Even as a third year student, I am still discovering my own
design style. Not only is it still rapidly developing, but I don’t even know my
creativity well enough to completely understand what my style is yet. Even
though this may be my first time really attempting to dissect and analyze my
design style, I feel that if I had done this before, my previous design style
would be unrecognizably different. Perhaps one day, my early designs will hold
small clues and gestures that appear as fledgling creative trademarks, but for
now, I feel as though all of my studio projects have been very different from
each other. Comparing them side by side may indicate a similar simplicity or
character, but this may just be exemplifying my lack of knowledge and design
experience. After all, the finished products of my designs are not exactly what
I would describe as perfections of the extents of my knowledge at that time.

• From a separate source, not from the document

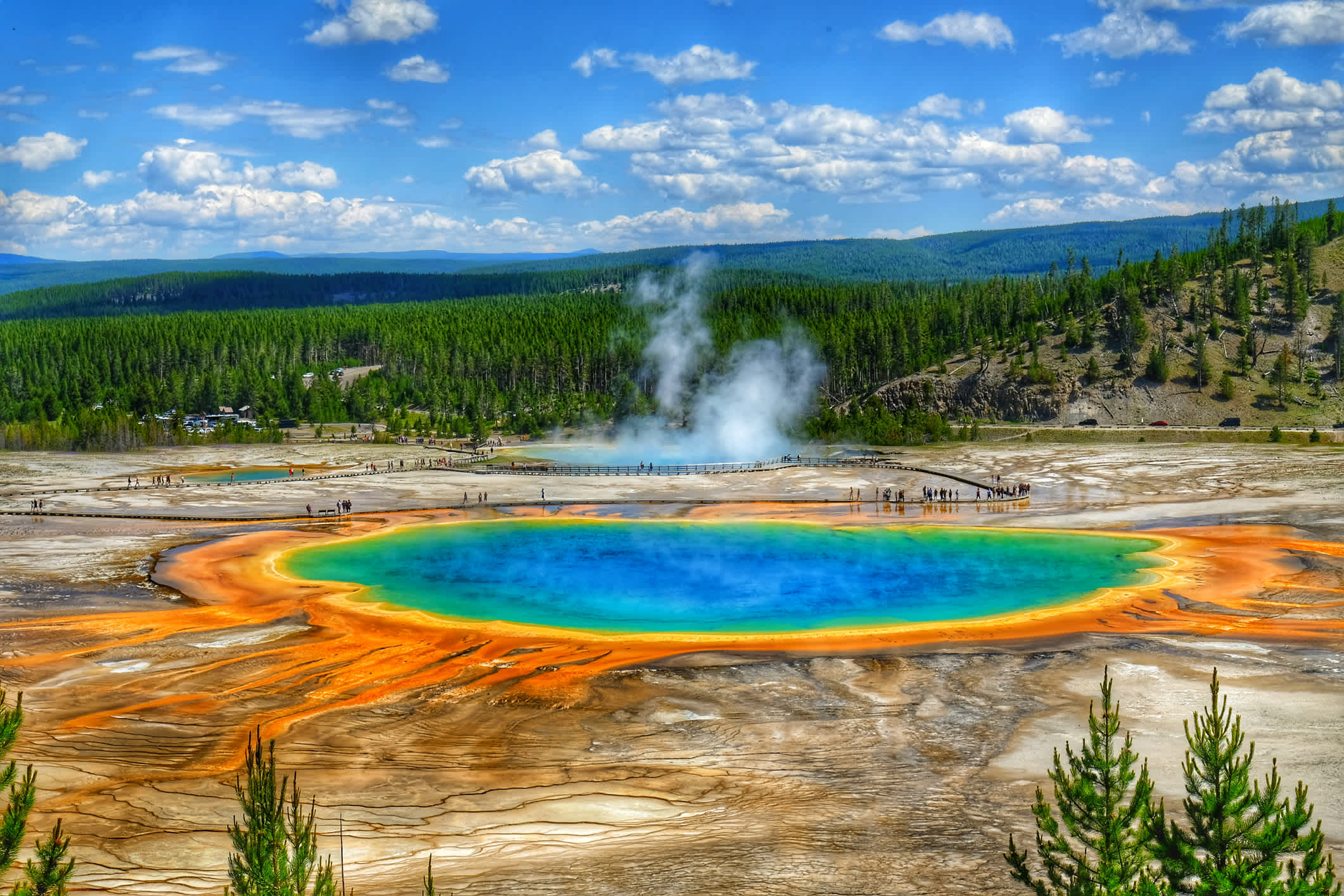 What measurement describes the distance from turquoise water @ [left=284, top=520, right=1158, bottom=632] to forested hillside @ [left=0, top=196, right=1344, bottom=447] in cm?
4482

Having said all this, I think that if anything can be said
for my design style at this point in my life, I think it would be that I tend
to approach design with a complex design-thinking. When I am giving 100% to the
design, I prefer to spend a lot of time in the design phase of the project. I
take a lot of care in the movement, concept, and experience of space. As an interruption, an
example of just how fresh these thoughts are in my mind, I suddenly realized in
writing that last sentence that my favorite designs have been those that create
unique sensory experiences. Here are two that come to mind: a visitor center for
the Rocky Mountain National Park wrapped with a screen of tubes that interact
with the wind to create a buzzing sound, in order to hear the wind; and a
design for a church in which the interior space is sculpted to carry the sound
from inside the church to the outside of the building.
I realize this is a characteristic for my design concepts,
and not really for the visual appearance of my designs, but this is reflective
of the current level of my designing skill in that I struggle coming up with
what the building should look like. I normally focus on the experiences of the
building and become frustrated when trying to figure out what I want it to look
like. As I said before, my design skills are still developing, and this may be
something I’ll discover as I improve my designing skills.